§ **Work item**:
Repeat the records in full. No pictures belong in the copy.

Captioned web image data:
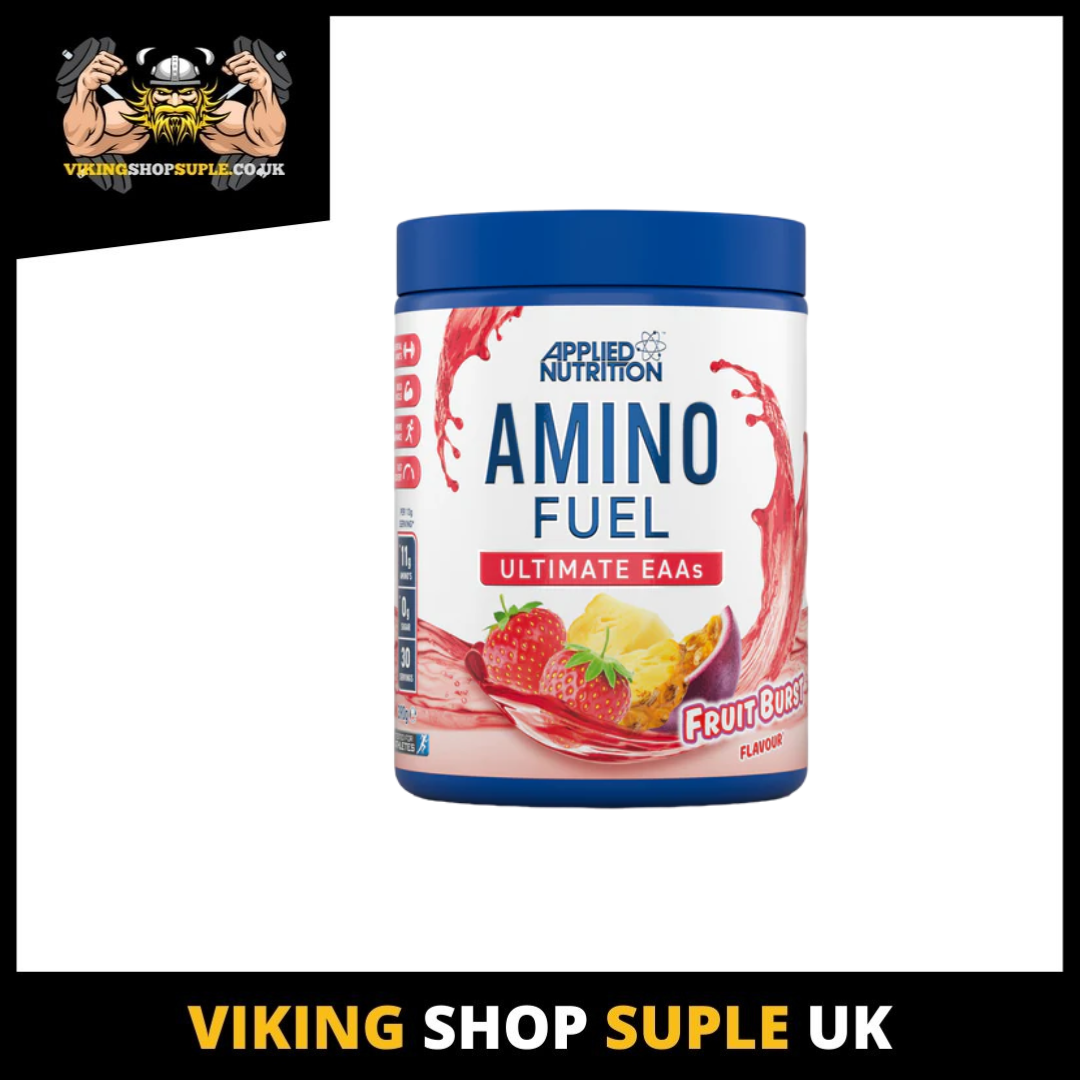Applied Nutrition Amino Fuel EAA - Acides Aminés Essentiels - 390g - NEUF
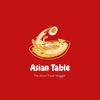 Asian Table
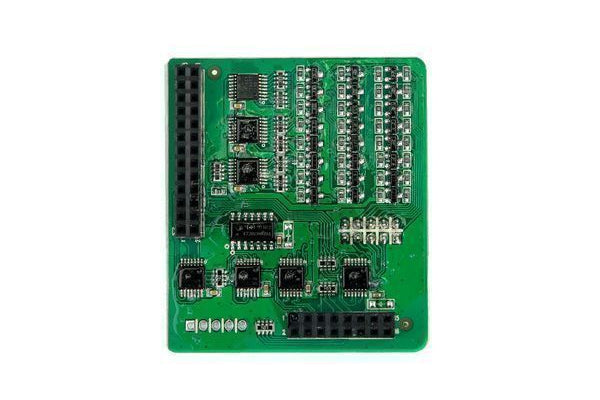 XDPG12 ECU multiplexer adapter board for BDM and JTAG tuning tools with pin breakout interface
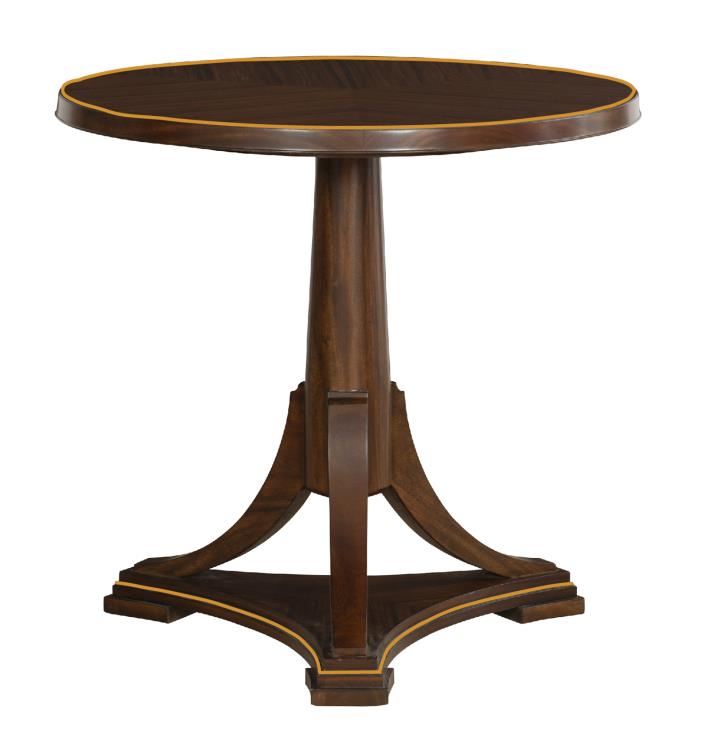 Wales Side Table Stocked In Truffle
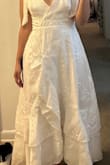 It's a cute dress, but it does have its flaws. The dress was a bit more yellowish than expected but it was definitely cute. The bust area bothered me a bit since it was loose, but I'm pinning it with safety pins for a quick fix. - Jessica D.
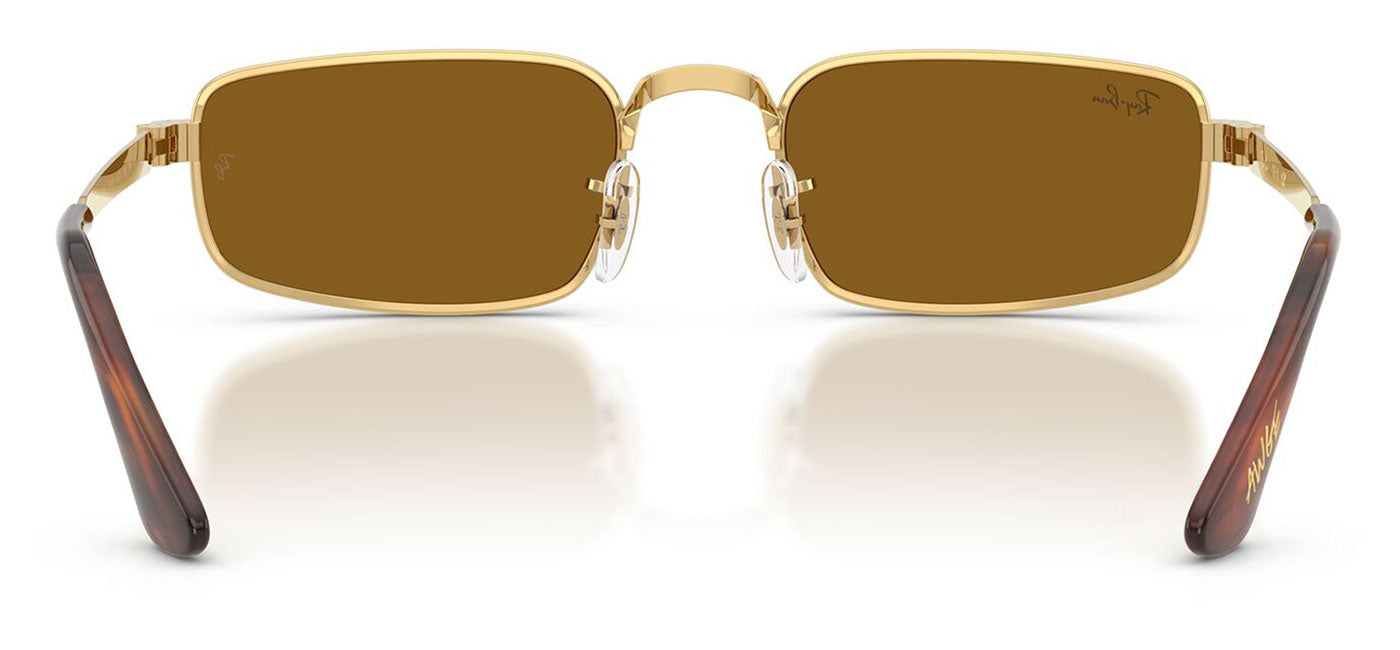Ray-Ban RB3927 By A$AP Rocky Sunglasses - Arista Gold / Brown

§ **Answer to the problem**:
Applied Nutrition Amino Fuel EAA - Acides Aminés Essentiels - 390g - NEUF
 Asian Table
 XDPG12 ECU multiplexer adapter board for BDM and JTAG tuning tools with pin breakout interface
 Wales Side Table Stocked In Truffle
 It's a cute dress, but it does have its flaws. The dress was a bit more yellowish than expected but it was definitely cute. The bust area bothered me a bit since it was loose, but I'm pinning it with safety pins for a quick fix. - Jessica D.
Ray-Ban RB3927 By A$AP Rocky Sunglasses - Arista Gold / Brown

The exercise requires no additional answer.